Search code examples
clojurerecordtree-traversal

getting a flat record data structure out of a nested list in Clojure


Let's say I have a list of lists representing a tree-structure in clojure, like

'(a (b (c d)) (e (f)))

and I want to translate it into a record format like this (for the purpose of passing it off to a visualization package):

[{:id "0" :label "a" :parent nil}
 {:id "1" :label "b" :parent "0"}
 {:id "2" :label "c" :parent "1"}
 {:id "3" :label "d" :parent "1"}
 {:id "4" :label "e" :parent "0"}
 {:id "5" :label "f" :parent "4"}]

What's the right way to go about this? I am pretty shaky with this, but I would think of starting with defrecord, and then some way of looping through the tree, but I don't know how to get started.

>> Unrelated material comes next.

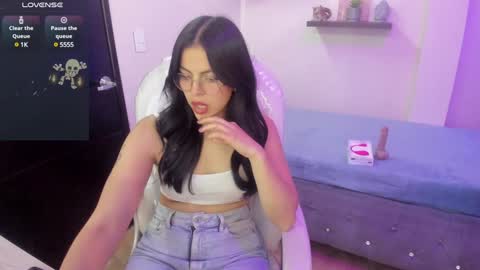 Snapshot of eliie_ruizz chatting on 12/11/24, 04:18 Eliie online show from 12/11/24, 04:18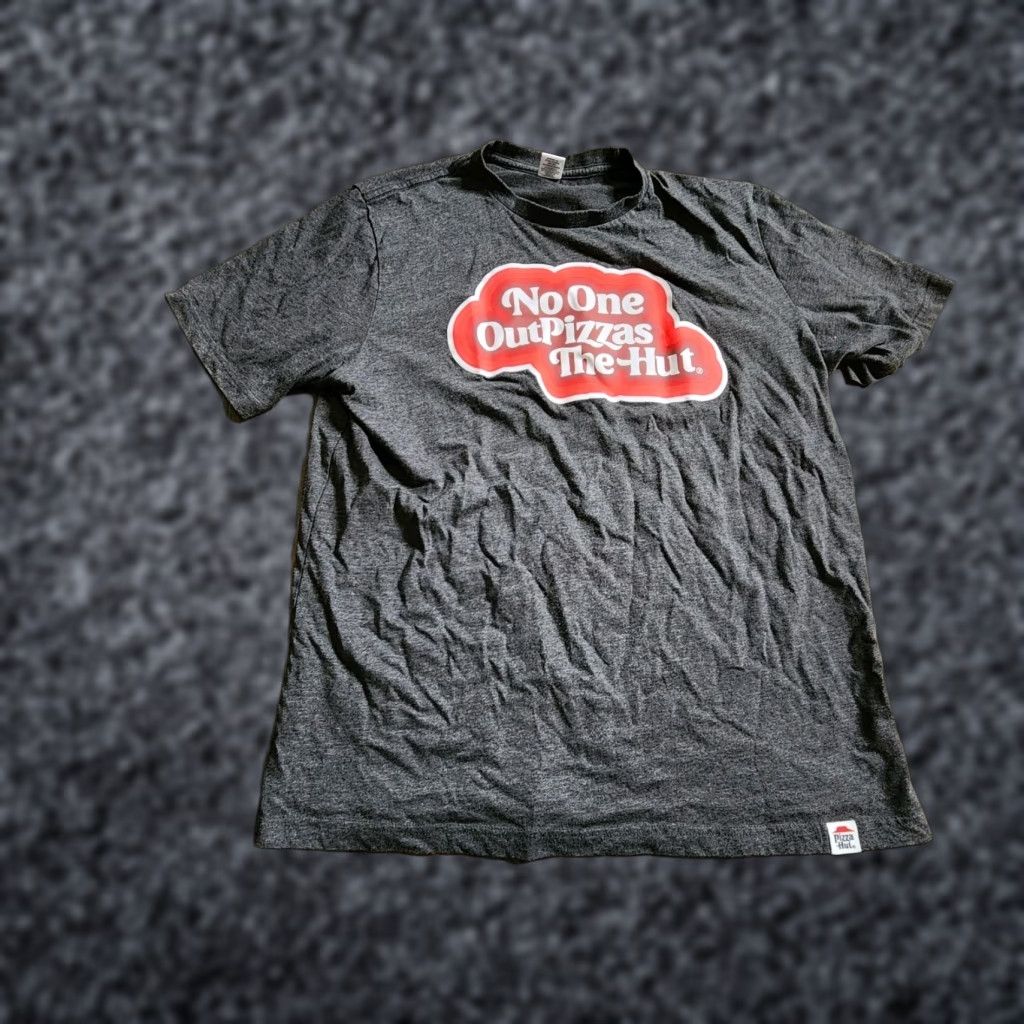 Vintage Mens L Pizza Hut No One OutPizzas The Hut Employee T Shirt Size US L / EU 52-54 / 3 - 1 Thumbnail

(def tree '(a (b (c d)) (e (f))))
(defn list-to-record [l]
  (defrecord rec [id name parent])
  (let [counter (atom 0)]
  (into [] (map ->rec 
                      ... ... ...))))

(list-to-record tree)

Perhaps I should be using clojure.walk?


Edit: to clarify, this should work regardless of what the labels are, so changing the labels in the input list shouldn't do anything to the resulting structure (the :parent values for each :id). That is, the following list, just as above, but with the labels all the same as each other

'(a (a (a a)) (a (a)))

should get translated into

[{:id "0" :label "a" :parent nil}
 {:id "1" :label "a" :parent "0"}
 {:id "2" :label "a" :parent "1"}
 {:id "3" :label "a" :parent "1"}
 {:id "4" :label "a" :parent "0"}
 {:id "5" :label "a" :parent "4"}]

Solution

  • Here's a way to do it with Clojure zippers and loop + recur:

    (defn index-zipper [z]
      (loop [loc z, next-id 0, parent-ids [], acc []]
        (cond
          (z/end? loc) acc
    
          (and (z/node loc) (not (z/branch? loc)))
          (recur
            (z/next loc)
            (inc next-id)
            (cond
              (some-> (z/right loc) z/branch?) (conj parent-ids next-id)
              (not (z/right loc)) (some-> parent-ids not-empty pop)
              :else parent-ids)
            (conj acc
                  {:id     (str next-id)
                   :label  (str (z/node loc))
                   :parent (when (seq parent-ids)
                             (str (peek parent-ids)))}))
    
          :else
          (recur (z/next loc) next-id parent-ids acc))))
    

    The loop has bindings for:

    1. Current zipper location
    2. Next :id value, to be incremented each time we see a leaf node
    3. Stack (vector) of current parent :ids, which will be pushed/popped as the zipper descends/ascends. The :parent value for each leaf node is on the top of the parent-ids stack.
    4. accumulator vector for leaf node maps

    You can call the function with a zipper:

    (index-zipper (z/seq-zip '(a (b (c d)) (e (f)))))
    =>
    [{:id "0", :label "a", :parent nil}
     {:id "1", :label "b", :parent "0"}
     {:id "2", :label "c", :parent "1"}
     {:id "3", :label "d", :parent "1"}
     {:id "4", :label "e", :parent "0"}
     {:id "5", :label "f", :parent "4"}]
    
    (index-zipper (z/seq-zip '(a (a (a a)) (a (a)))))
    =>
    [{:id "0", :label "a", :parent nil}
     {:id "1", :label "a", :parent "0"}
     {:id "2", :label "a", :parent "1"}
     {:id "3", :label "a", :parent "1"}
     {:id "4", :label "a", :parent "0"}
     {:id "5", :label "a", :parent "4"}]